What we will be describing in this article is how you integrate your Splunk DLTK search head to a GPU enabled dockerized environment running on AWS and run your deep learning analytics.
At this stage we assume you have already installed and configured the Splunk Deep Learning Toolkit to run with your local docker. If you have not already installed DLTK you need to follow these steps. Once you have DLTK up and running you can configure it to connect to an external docker image as we described in this article.
Note: The Splunk Machine Learning Toolkit (MLTK) app is a prerequisite for DLTK. MLTK permissions sharing must be set to all apps (system).
Note: GPU instances are considerably more expensive than the standard ones, so don't keep it running if you don't need it!

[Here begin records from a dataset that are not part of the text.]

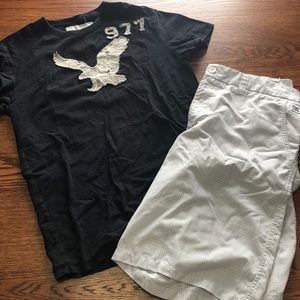 AE Outfitters black T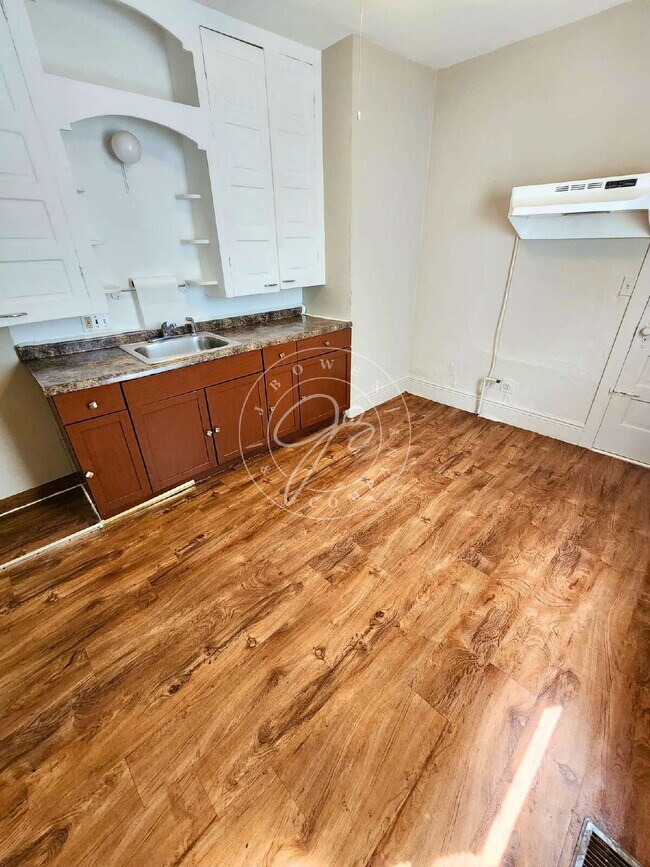 Foto del edificio - Spacious 3-Bedroom Home with Bonus Room and 1.5 Baths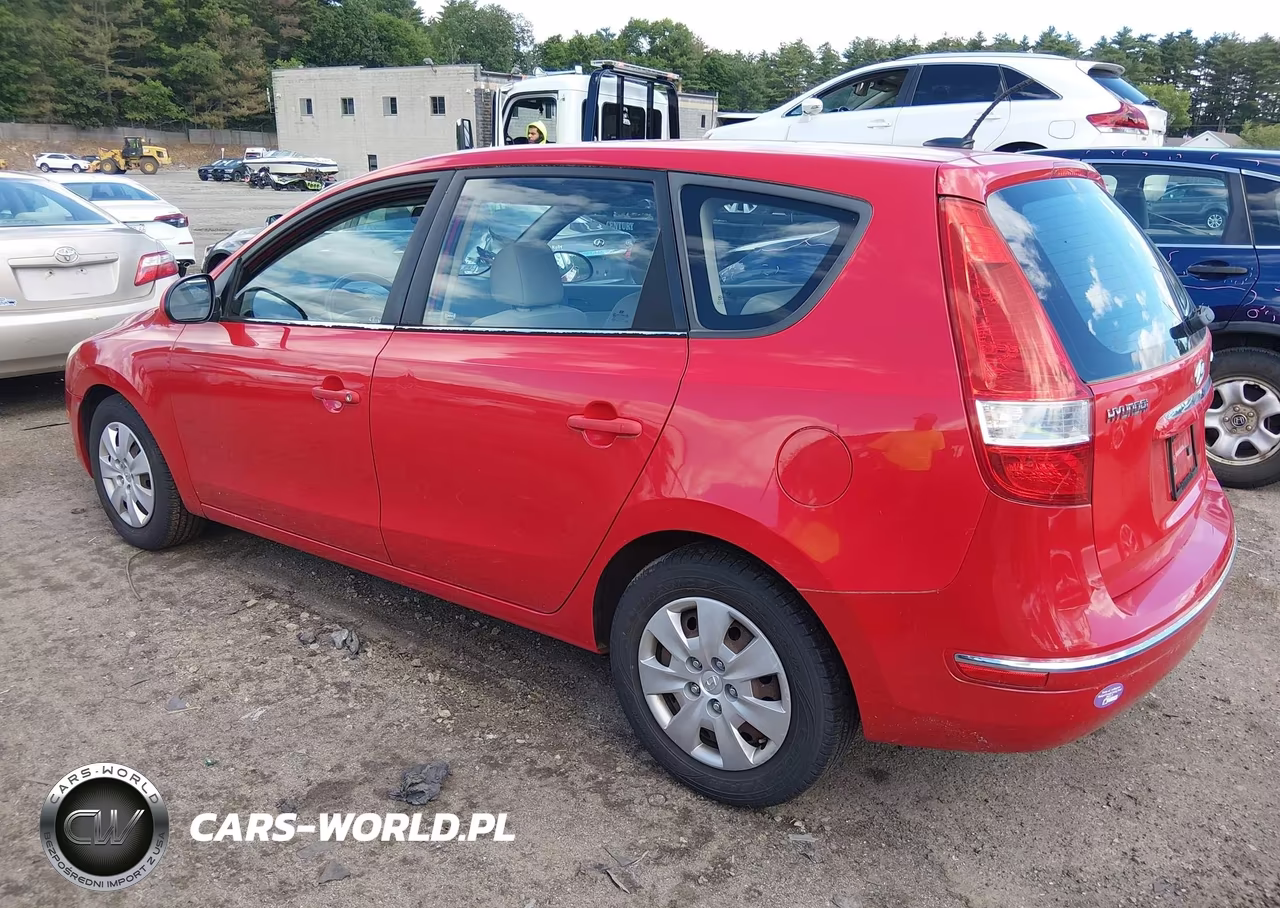 2010 Hyundai Elantra Touring Gls VIN:KMHDB8AE5AU085556 - 3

Step 1: Deploy Deep Learning AMI
First you need to spin up the required AWS instance. Once you select Launch new instance from your AWS management console , you are taken to the available AMI templates wizard. There you need to search for Deep Learning AMI (Ubuntu 18.04) and select the Ubuntu based AMI — Deep Learning AMI (Ubuntu 18.04) Version 30.x. This image comes preinstalled with the most popular frameworks such as TensorFlow, MXNet, PyTorch, Chainer, and Keras and the latest version of NVIDIA Driver 440.33.01.
Select the “Launch Instance” action from your AWS console , while you are the region you wish to launch the instance. Search for “Deep Learning AMI (Ubuntu 18.04)”.
Once you click the “Select” button you will be taken to the screen where you select the required instance type. In this case we are using the G4 instance from the AWS GPU instances. The Amazon EC2 G4 provides the latest generation NVIDIA T4 GPUs with more than 2K Nvidia CUDA Cores and 320 Turing sensor cores. For our initial setup we will use the most affordable instance type (g4dn.xlarge) which comes with 1 GPU and 4vCPUs.
Once you select the appropriate instance type click next until you go to Step:4 Add Storage. By default this AMI comes with 90GB root disk size. Change this to 150 GB as we will be downloading and using some large docker images and you don't want to run out of space. If you are setting up this for production you can customize/optimize it to your needs.
Click Next until you reach Step 6: Configure Security Group. Here we will create a specific security group for accessing our instance. For the time being just enable the below ports.
- TCP 22 : Remote access via SSH
- TCP 32768: Container SPL application server
- TCP 2375: Remote Docker API
- TCP 8888: Jupyter Labs DEV image
- TCP 6006: Tensorboard DEV image
In our setup because it's only for testing we will allow any IP source to connect. It's best to restrict the AWS security group rules to your DLTK/ML search head IP and your IP only. If you want to restrict to specific IP you will need to add your public IP for port 22, 8888 and 6006. For the rest you need to allow only the IP of the Splunk search head which DLTK is installed on.
Step 2: Verify Your Environment Has GPU Drivers Working
Once your instance is up and running ssh to the machine as we need to carry out some configuration and verify that everything is working.
Note: A dev script was written to automate the setup process of the AMI, which can be found at the end of this post under the "Quick Setup"
ssh -i keys/id_rsa ubuntu@AWS_PUBLIC_IP
Note: Change the AWS_PUBLIC_IP to use your key file and public IP of the AWS instance.
You login to the remote instance via ssh and the user “ubuntu”. Once you login you can see that all relevant frameworks are installed already ! Even better, the NVIDIA Container toolkit is also already installed!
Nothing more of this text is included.